Exercise
All of the entries below should be returned verbatim, apart from the pictures.

+ + + + +

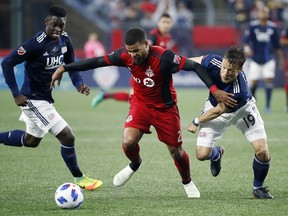 Toronto FC's Jordan Hamilton and New England Revolution's Antonio Delamea Mlinar (right) battle for the ball during a game last year. (AP PHOTO)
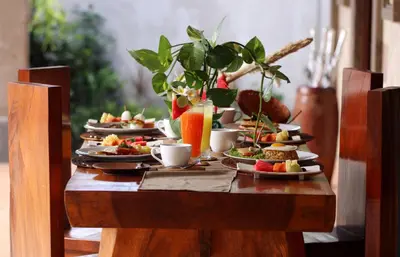 a wooden table with plates of food on it at Sudha Villa Bali B in Seminyak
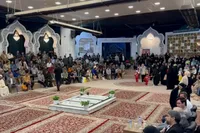 شبی که شعر، شهید و امام رضا(ع) به هم رسیدند | روایت شب شعر ارادت در میدان شهدای مشهد
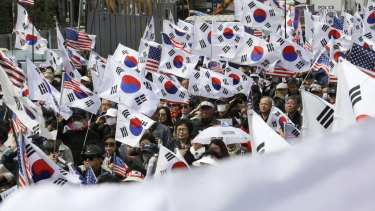 Supporters of former South Korean President Park Geun-hye stage a rally to call for her release earlier on Friday.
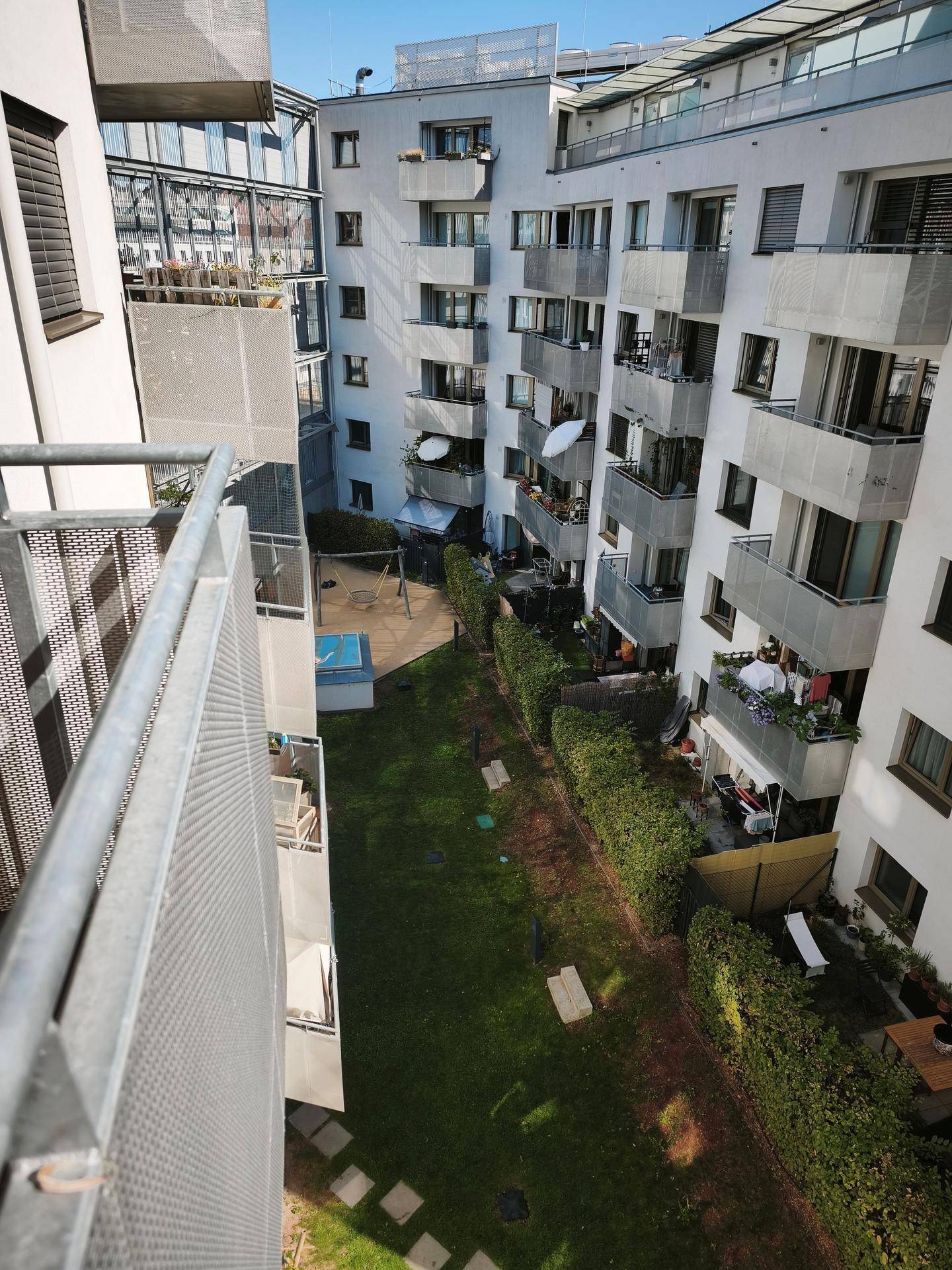 Blick von einem Balkon in einen Innenhof mit Rasenfläche, Hecken und weiteren Balkonen.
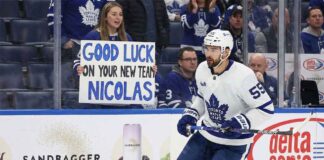 Toronto Maple Leafs center Nicolas Roy skates past a fan holding a "Good Luck On Your New Team" sign, highlighting imminent NHL trade deadline rumors surrounding the forward.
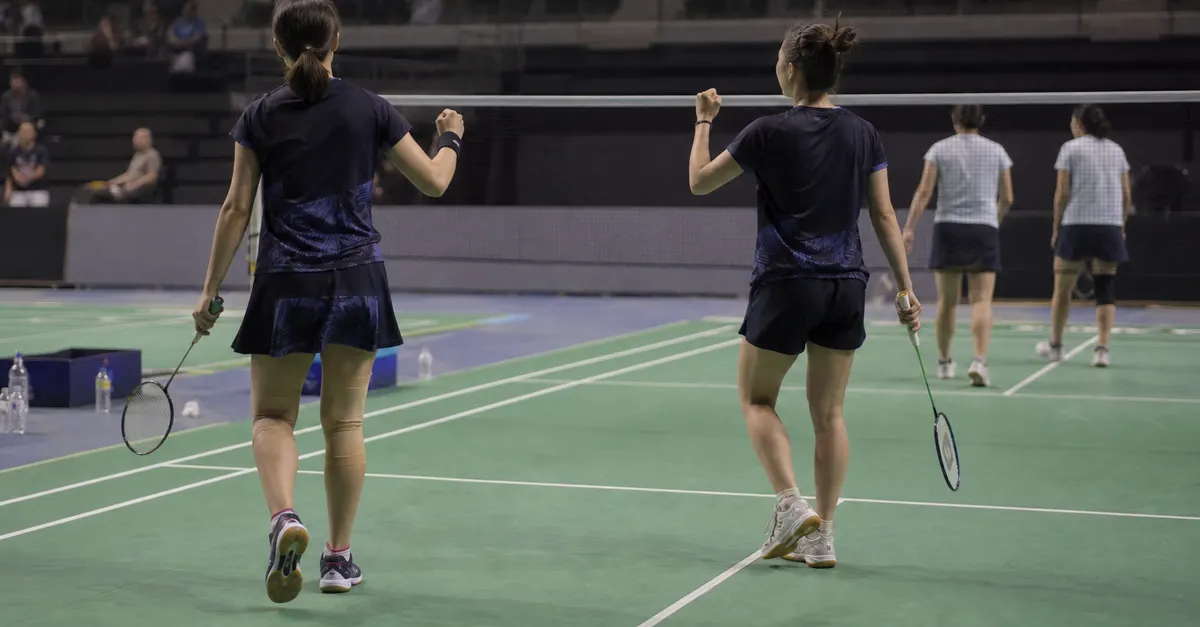 Two badminton players celebrate reaching a final on an indoor court.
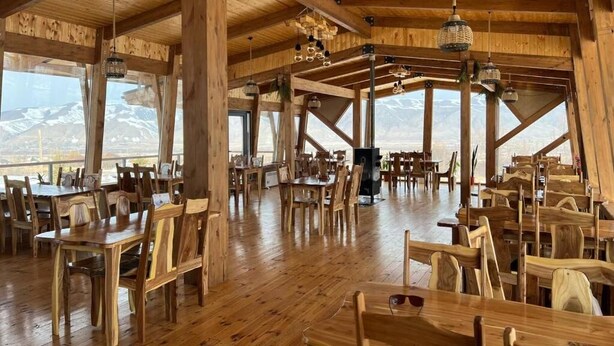Een ruime houten eetruimte met hoge plafonds en grote ramen met uitzicht op de bergen. Tafels en stoelen staan klaar voor een maaltijd.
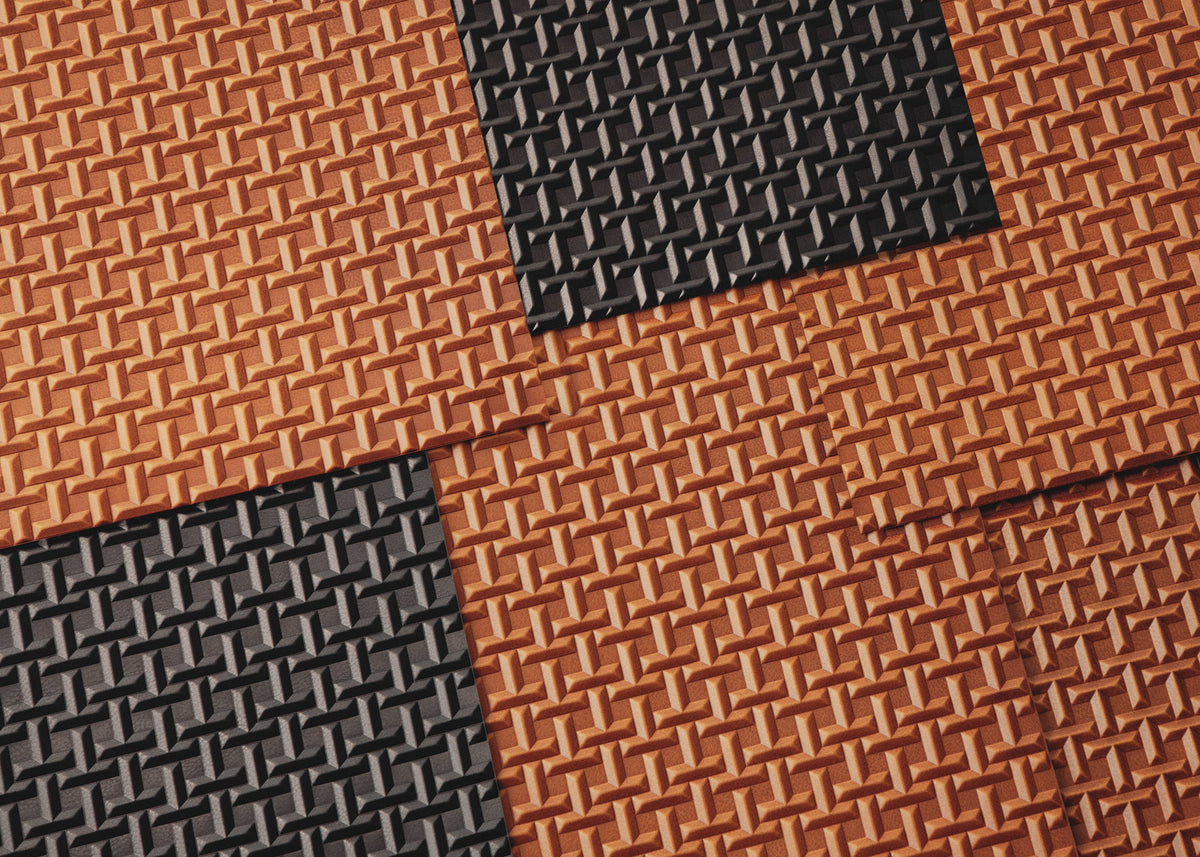 Image showing a spread of the brown and black TSUCHIYA Legacy Logo leather.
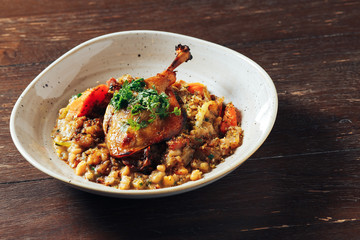 duck confit with lentils. restaurant meal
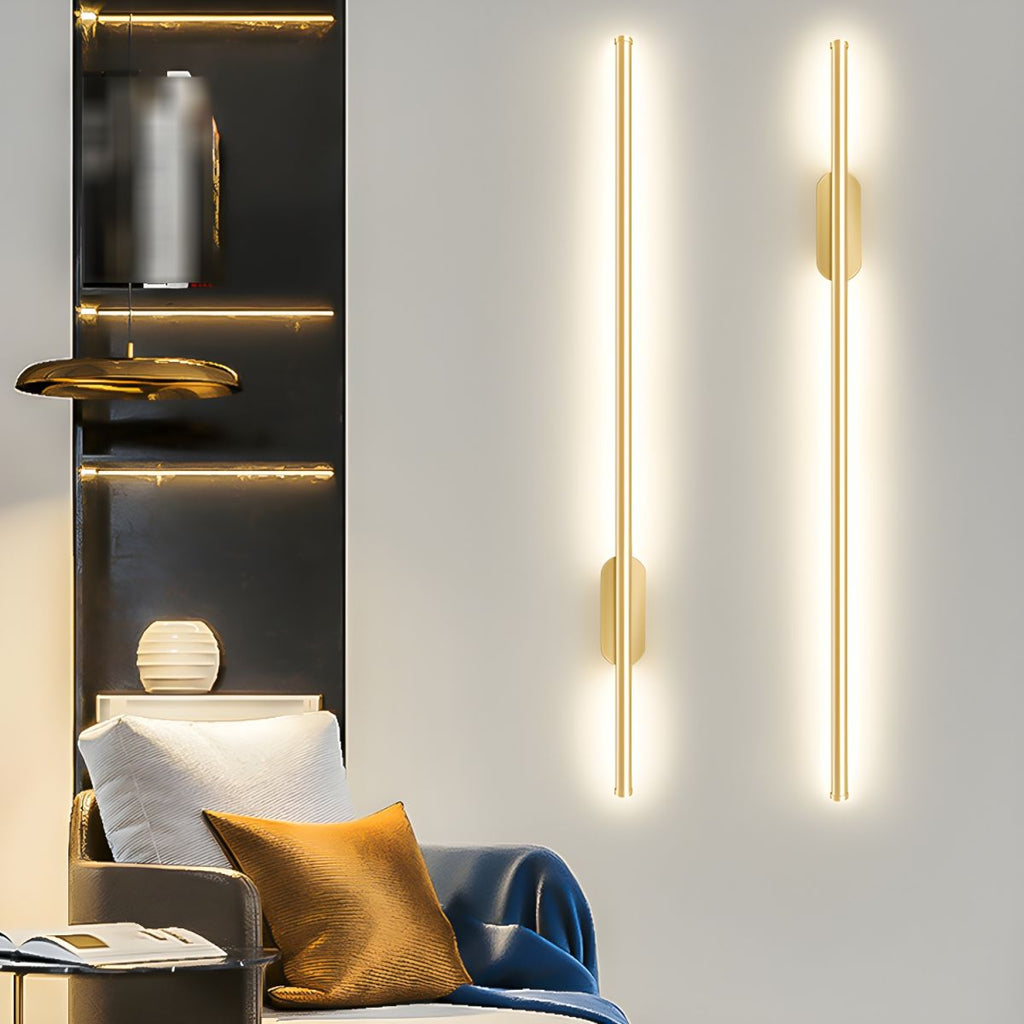 Gold linear sconce casting a warm vertical band of light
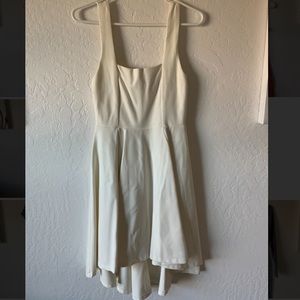 White dress, A-line with longer draped back.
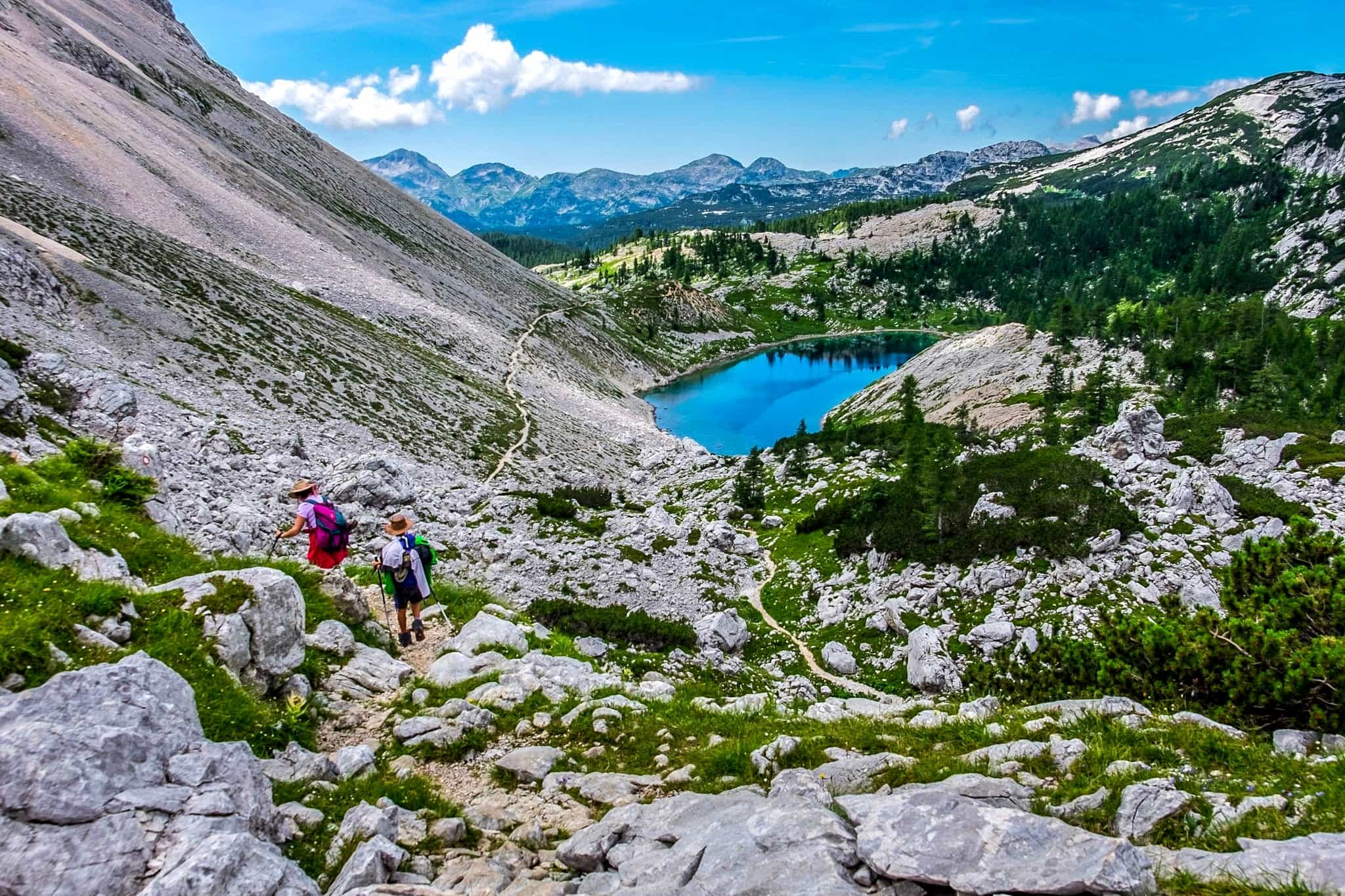Two hikers making their way down a mountain trail past a lake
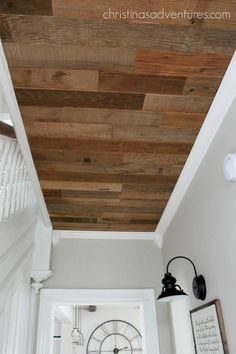 the ceiling is made from wood planks and has a clock hanging on it's side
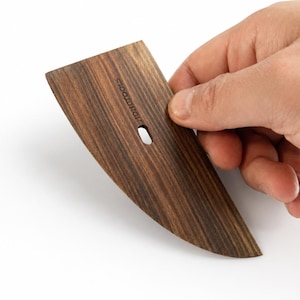 Op de afbeelding: Een donkerbruin houten polijstgereedschap met een taps toelopende, gebogen rand en een platte, brede bovenkant. Het gereedschap heeft een kleine, gecentreerde ovale uitsparing en het woord "HOHOTOOLS" verticaal in het houtnerfoppervlak gedrukt.
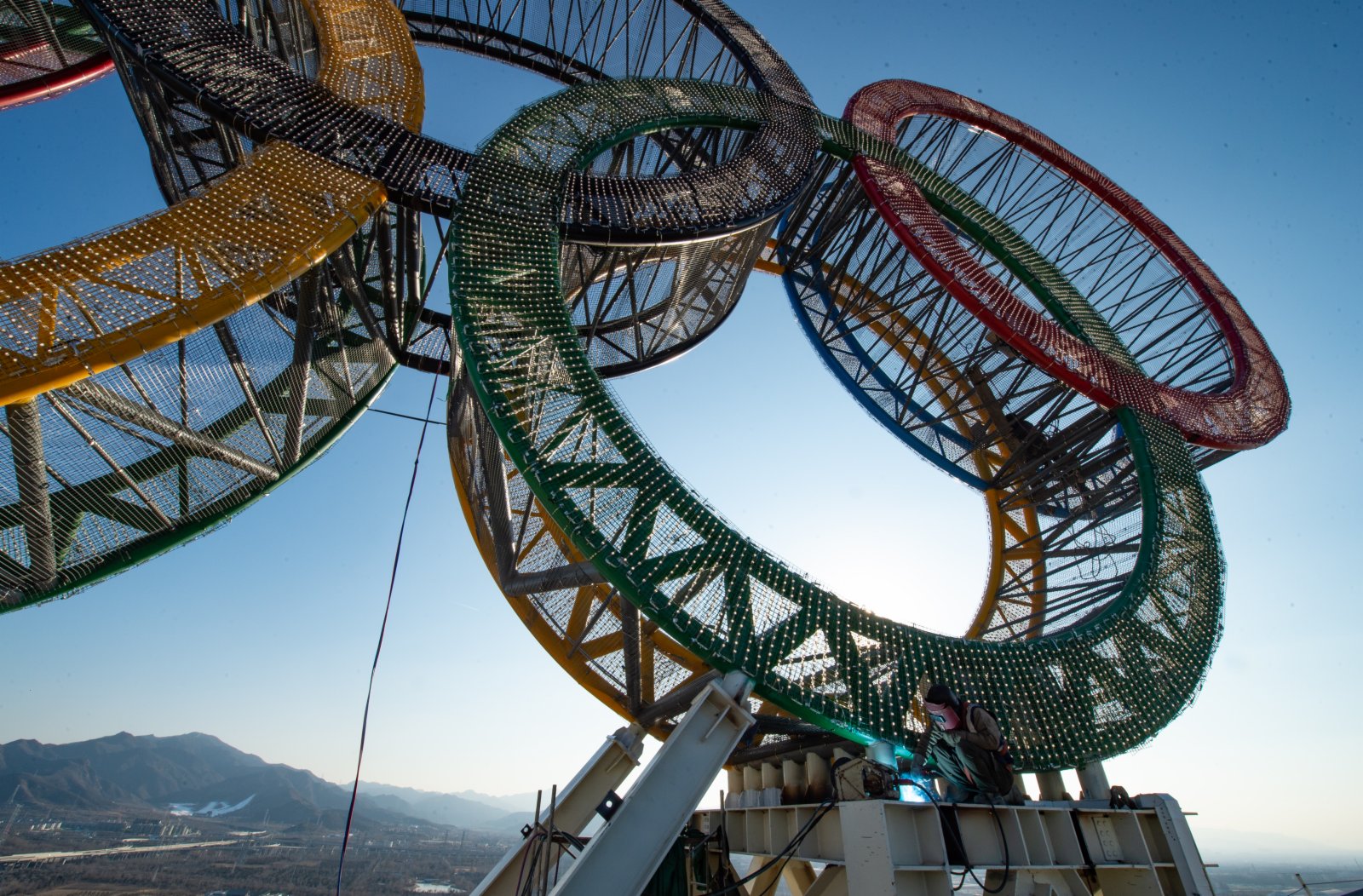 1月11日，工人們在「海陀塔」塔頂的奧運五環標誌下作業。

+ + + + +

Response to the task
 Toronto FC's Jordan Hamilton and New England Revolution's Antonio Delamea Mlinar (right) battle for the ball during a game last year. (AP PHOTO)
 a wooden table with plates of food on it at Sudha Villa Bali B in Seminyak
 شبی که شعر، شهید و امام رضا(ع) به هم رسیدند | روایت شب شعر ارادت در میدان شهدای مشهد
 Supporters of former South Korean President Park Geun-hye stage a rally to call for her release earlier on Friday.
 Blick von einem Balkon in einen Innenhof mit Rasenfläche, Hecken und weiteren Balkonen.
 Toronto Maple Leafs center Nicolas Roy skates past a fan holding a "Good Luck On Your New Team" sign, highlighting imminent NHL trade deadline rumors surrounding the forward.
 Two badminton players celebrate reaching a final on an indoor court.
Een ruime houten eetruimte met hoge plafonds en grote ramen met uitzicht op de bergen. Tafels en stoelen staan klaar voor een maaltijd.
 Image showing a spread of the brown and black TSUCHIYA Legacy Logo leather.
 duck confit with lentils. restaurant meal
 Gold linear sconce casting a warm vertical band of light
 White dress, A-line with longer draped back.
Two hikers making their way down a mountain trail past a lake
 the ceiling is made from wood planks and has a clock hanging on it's side
 Op de afbeelding: Een donkerbruin houten polijstgereedschap met een taps toelopende, gebogen rand en een platte, brede bovenkant. Het gereedschap heeft een kleine, gecentreerde ovale uitsparing en het woord "HOHOTOOLS" verticaal in het houtnerfoppervlak gedrukt.
 1月11日，工人們在「海陀塔」塔頂的奧運五環標誌下作業。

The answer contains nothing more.